The magic behind our build-pipeline

This guide should give you a more in depth view of how your app gets deployed after you pushed to either the staging or production branch. What is described in the following is fully automated and make the life of developers in the VIS much easier.

Lets start from the beginning. You pushed your new app the first time to the staging branch. You have committed a Dockerfile, a .gitlab-ci.yml file and cinit.yml file. This is mostly all our infrastructure needs from your side to be able to make your app accessable from the "real world". The first file used is the .gitlab-ci.yml file. GitLab has a built-in tool, where it executes a pipeline of scripts defined in the .gitlab-ci.yml. These scripts can be everything, from build, over tests, to code validations. We provide a template consisting of 3 stages: build, deploy and cleanup. All these steps are executed on our gitlab runner on build.vis.ethz.ch. We are going to step through each of them.

  • First we have the build stage: In there we build the docker image based on your Dockerfile. Moreover if your app needs certain services such as the people-api, message-api or mailalias-api, we generate the needed file, as you have done locally with service generate.
  • In the next step we deploy the app: Here we push the generated docker image to our registry, where we store our docker images (similar to Dockerhub). Our registry is reachable at registry.vis.ethz.ch. The last step in deploy is the actual deployment of your app. For this we use helm to generate the deployment of your app. The deployment is the config of how to run your app in our infrastructure. This includes for example how many instance of you app are running, on what domain you app is reachable or simply the name of your app. All this information is gathered from your .gitlab-ci.yml, where you have specified variables such as VIS_CI_REPLICAS, VIS_CI_DEPLOYMENT_SUBDOMAIN or VIS_CI_APP_NAME. There are many more variables you are able to set. An optional step in the deploy stage is to publish services. That means if your app provides a service for other apps such as the people-api you need to be registered, such that other apps know your app exists.

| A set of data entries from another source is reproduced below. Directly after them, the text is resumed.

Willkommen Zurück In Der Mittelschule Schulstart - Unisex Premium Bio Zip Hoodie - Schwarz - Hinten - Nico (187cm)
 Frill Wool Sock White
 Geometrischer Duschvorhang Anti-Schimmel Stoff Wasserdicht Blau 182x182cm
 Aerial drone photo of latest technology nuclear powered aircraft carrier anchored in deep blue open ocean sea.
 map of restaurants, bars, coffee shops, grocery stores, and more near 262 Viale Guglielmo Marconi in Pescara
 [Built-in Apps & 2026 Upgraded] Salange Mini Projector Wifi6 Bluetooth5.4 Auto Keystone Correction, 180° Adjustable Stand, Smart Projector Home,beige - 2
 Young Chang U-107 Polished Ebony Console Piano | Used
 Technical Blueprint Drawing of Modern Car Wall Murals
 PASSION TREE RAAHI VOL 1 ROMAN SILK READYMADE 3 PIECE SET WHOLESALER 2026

Maybe you wonder where all these instructions come from? If you have a closer look at your .gitlab-ci.yml, you might have noticed that at the end of this file there is something like

.auto_devops: &auto_devops |
  git clone --depth 1 git@gitlab.ethz.ch:vis/cit/ci-framework.git
  source ci-framework/ciscript.sh

This connects the pipeline provided by gitlab with the desired steps. If you are more interested you should have a look at the ciscript.sh in our ci-framework.

Now we have our app in the form of a docker images saved in our registry. But how do we get this app running now? Again this is helm. It first generates a kubernetes configuration from some templates which you also find in the ci-framework and then it notifies our Kubernetes that there is a new image to run. Kubernetes is a open-soure application to automatically manage, scale and provide docker containers. Now kubernetes pulls the newly created docker images, gets rid of the old one and starts up your app. After some time your app is available on the domain you have specified in your .gitlab-ci.yml.

Now where does your program actually run? It's

  • inside the docker container you just built

  • which runs inside a Kubernetes worker VM in the VIS's internal network

  • which runs on one of the 5 main compute nodes compute0.vis.ethz.ch to compute4.vis.ethz.ch.

And how does my request travel through the network?

If you resolve the website from DNS you will receive 2 IPs which belong to our routers kube-router-1.vis.ethz.ch and kube-router-2.vis.ethz.ch. They are two VMs routing packets between the Internet and our internal network. Your HTTP request is decrypted and analysed there. The router then decides to forward it to a so called ingress (this is a kubernetes term). This ingress is a container running nginx on the Kubernetes worker VMs. The ingress looks up, which service (again a kubernetes term) is running this application. A service is nothing more than an IP address without a machine owning it, a so-called virtual IP. The ingress sends the request to that IP address. A Linux mechanism called IPVS then looks up the mapping from Service IP to your actual container IP. Finally the kernel delivers the request to your container.